1. Network Physics: A Vital Interlinked Anatomy and Physiology

Eom, Young-Ho, et al. Network-based Model of the Growth of Termite Nests. Physical Review E. 92/062810, 2015. Complexity theorists with postings in Italy, France, Finland, and the USA, including Santo Fortunato and Guy Theraulaz at once detail how network phenomena can help quantify how, for example, social insect build and maintain niche constructions. It is then recognized that this facility implies nature’s avail of a universally recurrent geometry everywhere.

We present a model for the growth of the transportation network inside nests of the social insect subfamily Termitinae (Isoptera, termitidae). The model based on the empirical analysis of the real nest networks combined with pruning and a memory effect successfully predicts emergent nest properties. Our results provide an example of how complex network organization and efficient network properties can be generated from simple building rules based on local interactions and contribute to our understanding of the mechanisms that come into play for the formation of termite networks and of biological transportation networks in general. (Abstract excerpts)

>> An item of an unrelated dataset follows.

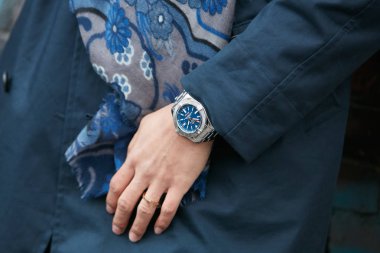 Fendi defilesi öncesi mavi ceketli Breitling li izle, Milano Moda Haftası sokak stili 15 Ocak 2018'de Milano'da.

Faccin, Mauro, et al. Community Detection in Quantum Networks. arXiv:1310.6638. Theorists from Torino, Barcelona, and Oxford including Jacob Biamonte, continue the reinvention and integration of these depths by way of macro complex systems theories. From many aspects, over the past years, by picking up on information qualities, such subatomic activities are found to contain the same nonlinear forms and dynamics as everywhere else, the nested cosmos becomes one whole again. Mauro Faccin and others are planning a Quantum Frontiers in Network Science symposia at the large NetSci conference in June 2014 at UC Berkeley (Google). See also Degree Distribution in Quantum Walks on Complex Networks by Faccin, et al, at arXiv:1305.6078.

Fayez-Aziz, Muhammad, et al. The Early History and Emergence of Molecular Functions and Modular Scale-Free Network Behavior. Nature Scientific Reports. 6/25058, 2016. With coauthors Kelsey and Gustavo Caetano-Anolles, University of Illinois, Evolutionary Bioinformatics Laboratory researchers contend that these common interactive topologies are similarly in place for life’s original occasion. These propensities occur along with biochemical, nucleotide and protocell rudiments, which they proceed to organize and activate. And the authors see fit to introduce the article with Jorge Borges, as the second quote conveys.

The formation of protein structural domains requires that biochemical functions, defined by conserved amino acid sequence motifs, be embedded into a structural scaffold. Here we trace domain history onto a bipartite network of elementary functional loop sequences and domain structures defined at the fold superfamily level of SCOP classification. The resulting ‘elementary functionome’ network and its loop motif and structural domain graph projections create evolutionary ‘waterfalls’ describing the emergence of primordial functions. They also uncover a dynamics of modular motif embedding in domain structures that is ongoing, which transfers ‘preferential’ cooption properties of ancient loops to emerging domains. Remarkably, we find that the emergence of molecular functions induces hierarchical modularity and power law behavior in network evolution as the network of motifs and structures expand metabolic pathways and translation. (Abstract)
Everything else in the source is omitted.